Wednesday: in which post X3 Hank and Mystique meet. In light of their newly revealed First Class backstories and one of the main X3 storylines, this is a fascinating set-up, and the author delivers intensely well.
Iterations: uses First Class backstory for a trilogy setting as well, and weaves a fascinating web of what movieverse Jason Stryker, given his powers and his parents, might have been doing when walking through Xavier's mind.
My own story was an X-Men/Alias (that's Alias the comic series, not Alias the show) crossover which I hoped would work on people only familiar with X-Men movieverse canon as well. The prompt was to bring Jessica Jones from Alias into the X-Men movieverse. Now Jessica is such a marvelous, no pun intended, character that I couldn't resist: a female noir detective (i.e. drinks too much, has a cynical wit and the requisite tragedy in her past which noir detectives tend to have, as well as a temper and all quips aside very firm ideas about justice) in the Marvelverse. Her original comic series is also narrated in the first person, and she has a very distinct voice, so I was somewhat nervous whether I could capture it, but once I had hit about what she would actually do in the X-Men movieverse I had no problem "hearing" her.
At first I had some vague ideas about Mystique masquarading as Rogue's mother (in a nod to their comicverse relationship) and hiring Jessica to track her down, and that this would be how the Brotherhood found Marie at the start of X1, with Jessica then realising she'd been had, and it would also include Marie's real parents, whom we see at the start of X1 and never hear from again.
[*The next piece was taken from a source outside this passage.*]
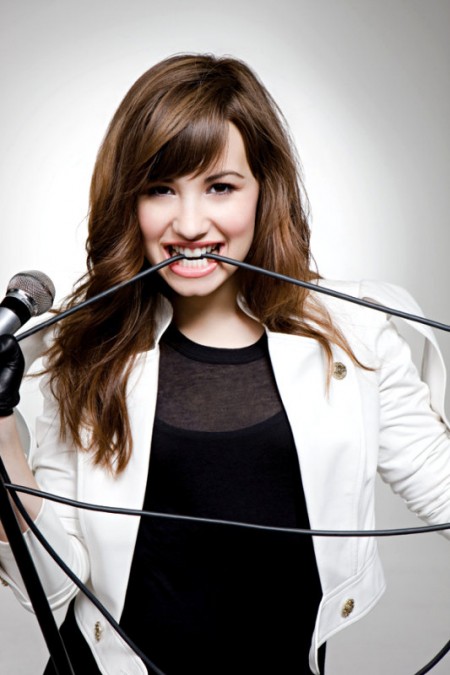 demi-lovato-450x675 demi-lovato-450x675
But not only did this bear some suspicious resemblance to an actual Alias plot line but it became overly complicated. However, the person from the X-Men movieverse I wanted Jessica to interact with most was definitely Mystique. So I went back to square one, thought about Jessica's backstory (she used to be a superhero, after the obligatory radiation accident, and then quit for reasons spoilery to a crucial Alias revelation before turning into a private eye), and suddenly I knew how and why she and Mystique would first meet, and what their big confrontation later would be about. There was one more thing to figure out - how to avoid any mention of the Avengers, because I didn't want to be literally Jossed next year, but in the end it wasn't that hard. Also, one bit of Jessica's backstory was very useful: she really did have a brief but important encounter with Jean Grey. There was no reason why movieverse Jean shouldn't have done the same thing comicverse Jean had, and it proved to be handy as a plot element. I was set and ready to write my noir detective in the X-Men movieverse tale, and only fighting the temptation to call it Devil in the Blue Dress. :) (Since Mystique is masquerading first as Henry Gyrich and then as Senator Robert Kelly, it wouldn't really fit.) So it became Carry That Weight.